From Perth, we took the train to Fremantle which was warm and low rise and pleasant. Nice food, and a comfortable hotel although we hadn’t realised that the bathrooms were down the corridor so there was much padding down in dressing gowns at dead of night – we have reached that certain age…
We took a ferry to Rottnest Island, a delight. A hot clear sunny day is still a novelty for a Brit, and from our pushbikes we enjoyed views of small coves, the turquoise ocean, old buildings from the time when it was a prison and when it harvested salt. Under a bit of undergrowth we spotted a quokka, one of those round fluffy animals which don’t do muc, very slowly. A while ago unpleasant types used them for a barbaric pastime they called quokka soccer – yes, they kicked them about and tried to score goals. I cannot see the pleasure in tha (and I doubt the quokkas were thrilled either), but it was apparently popular for a while.

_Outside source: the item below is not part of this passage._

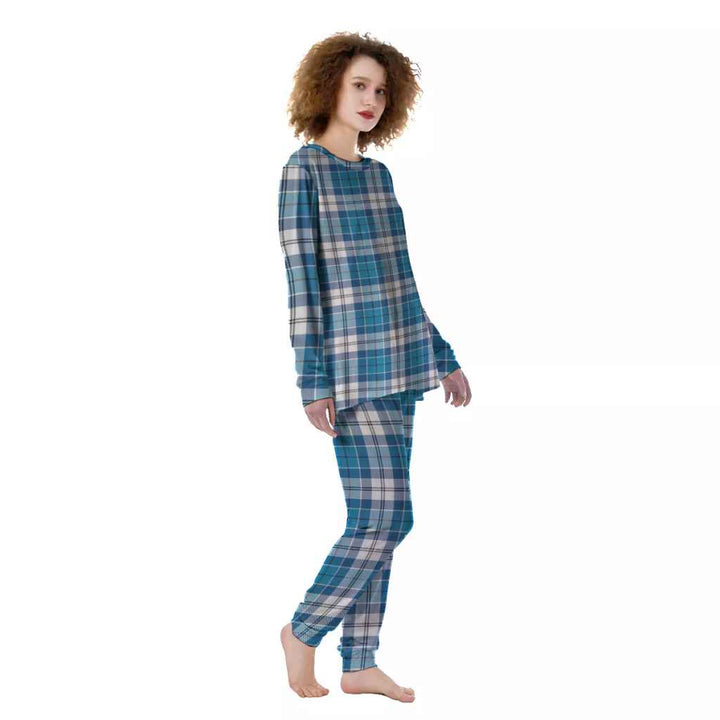 Scottish Roberton Clan Tartan Pajama Set Women Front Side Tartan Plaid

There were holiday houses and apartments of varying degrees of comfort, a campsite, shops and restaurants. It felt small, and it wouldn’t have been difficult to get all the way round, but we took our time and pottered back to catch the 2.30 ferry.
Fremantle is rather cool. It has old (19th century) buildings and market selling crafty things like clothes and candles and pottery. Perth was different. Tall buildings and nothing that particularly made us want to stay there any length of time, but I expect there’s something interesting about it –guidance welcome.
We flew on to Adelaide to stay with a friend. I liked the city – it was sedate with pretty buildings, parkland and good restaurants (you will spot a recurring theme in this article) and I enjoyed the State Museum with the biggest collection of Aborigine artefacts in the country, the art gallery and the library. We spent a day at a country festival (more food, got it?: olive oil, bread, cheese, cold meat, wine – all scrumptious) in the hills outside, and another day at the beach (with a picnic – of course) watching birds and people rootling for shellfish and a couple of seals lying on their backs and letting the water swish them about.
Then Cairns and the Great Barrier Reef. We stayed at a B&B in pretty leafy Mossman Gorge. A Kookaburra sat on the balcony railing while we had breakfast, and burst into loud throaty cackles before it flew away. At a small private zoo, I cuddled a koala (briefly – they can only work for 30 minutes a day, and I was one of many. A cliché I know but I have wanted to do this since I was about five). I avoided a baby crocodile and a python, but made friends with Max the red tailed cockatoo who loves human company. We became very close. He snuggled under my chin and made friendly little squawking sounds, and I stroked his feathers. It was hard to leave and I like to think he missed me when I went!
The Reef was an hour and 40 minutes away on a fairly big boat. We snorkelled three times and were interested by the pretty fish and the large coral outcrops, although, of course, people said it had been much MUCH better the last time they had come. It is impressive, but I am happy with Sabah’s underwater offerings. And the journey back was horrible – the wind changed and the waves swelled and we roared back through them at the rate of 20 knots and I was not happy at all – but proudly not sick either.
Sydney was our next stop. I am not sure what I was expecting. The views of the harbour and the Opera House are lovely, and of course oddly familiar. The ferry ride out to Manly was interesting and made us realise how much water there is in Sydneysiders’ lives. The restaurants in The Rocks, where we were, were very expensive, but pretty good. And my biggest thrill was reading Cap’n Bligh’s logbook from the Bounty, presumably before the crew mutinied. We went to the Museum of Contemporary Art (tick) and the Library (tick) and the Museum of Art (tick – I have decided I like nineteenth century Aussie paintings and note the number of female names) and we walked through the Botanic Garden and Hyde Park, both of which were fresh and airy and full of hearty runners. I would have liked to go to Kings Cross and Paddington etc but there was no time. Another day, and then probably another sense of Sydney.
We had two weeks and we got about a bit, but I couldn’t claim to have more than a superficial sense of the continent. I expected Australia to be more American in flavour, and it wasn’t. It is big, it feels big, and the land at this season is pale beige, dry and crispy dusty. The aboriginal artefacts tell many tales, none of which we knew. We stopped by the side of the road to see the Canoe Tree; a good few years ago, bark was taken off to make a canoe, leaving a tree that had seen better days, with an oval scoop out of the trunk. No sign, no information though – we were lucky our host knew about it.
Kookaburras chortled, kangaroos bounded about as we drove along. There was no doubt where we were, and I hope we have the chance to go again.
Apologies for all the photos of me, but I wanted to show relative sizes of animals etc. The picnic on the beach is just a jolly photo.